Alissa Tabirian
NS&D Monitor
6/5/2015
Sandia National Laboratories committed six violations of the Department of Energy’s classified information security requirements and is facing a proposed penalty of more than half a million dollars, according to a Preliminary Notice of Violation the DOE Office of Enforcement released this week. The security concern, discovered at SNL’s New Mexico site in July 2012, involved the unauthorized disclosure of classified information in an employee’s presentation. DOE found that the presentation was stored on an unclassified server and, following further investigation, discovered that “beginning as early as 1997 the author had developed approximately 47 separate variations of the 2012 presentation without obtaining requisite classification reviews.”
According to the notice, the presentation contained 13 slides with classified information, including Critical Nuclear Weapon Design Information, and was not submitted to Sandia’s classification office for review. Variations of the presentation were delivered “on at least three occasions at public venues” and to audiences that included those without security clearances. Additionally, “approximately 300 Sandia participants in a technical training program had access to electronic versions of the presentations,” the notice says. Some classified material also remained on a version of the presentation stored on an unclassified shared server, and Sandia’s investigation “confirmed that one of these contaminated Sandia unclassified servers was accessible to foreign nationals for over eight years,” the notice says. Sandia “sanitized” the contaminated server after discovering the incident, but “only searched for the author’s work by the title of the 2012 presentation and not his name,” leaving other versions of the presentation on the server, according to DOE.

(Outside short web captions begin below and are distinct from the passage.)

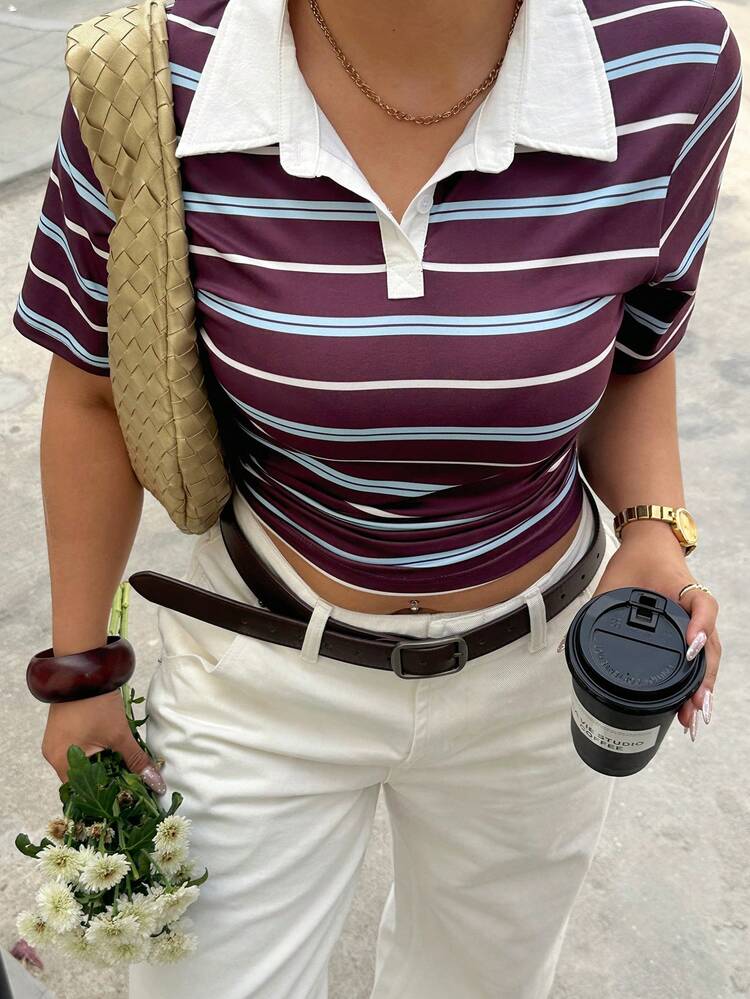 Dazy Plus Plus Size Summer Casual Striped Short Sleeve Slim Fit T-Shirt Crop Tops Women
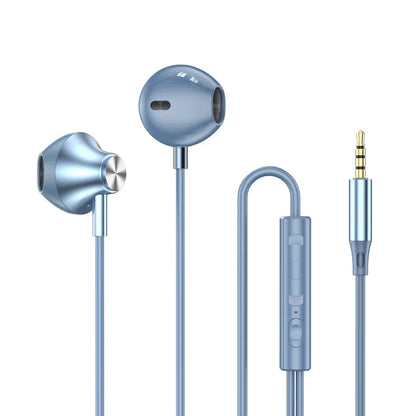 For Samsung Headphones HiFi Surround Sound In-ear USB Type C 3.5mm With wire control Wired Earplugs For Galaxy S24 S23 S22 Ultra in metallic blue with inline control and 3.5mm audio jack.
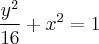 \frac{y^2}{16} + x^2 = 1 \frac{y^2}{16} + x^2 = 1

Sandia’s corrective actions included “security awareness and lessons-learned activities and some procedural changes,” the notice says. Citing Sandia’s failure to conduct classification reviews and “protect and control classified information for more than a decade,” DOE has proposed a total penalty of $577,500. Sandia has been given 30 days to submit a response. In a written statement this week, Sandia spokesperson Nancy Salem said, "Sandia has taken this security issue seriously since becoming aware of it in 2012. After discovering and reporting the issue, Sandia analyzed the causes and identified, developed and carried out a series of improvements that will reduce the likelihood of security violations of this kind."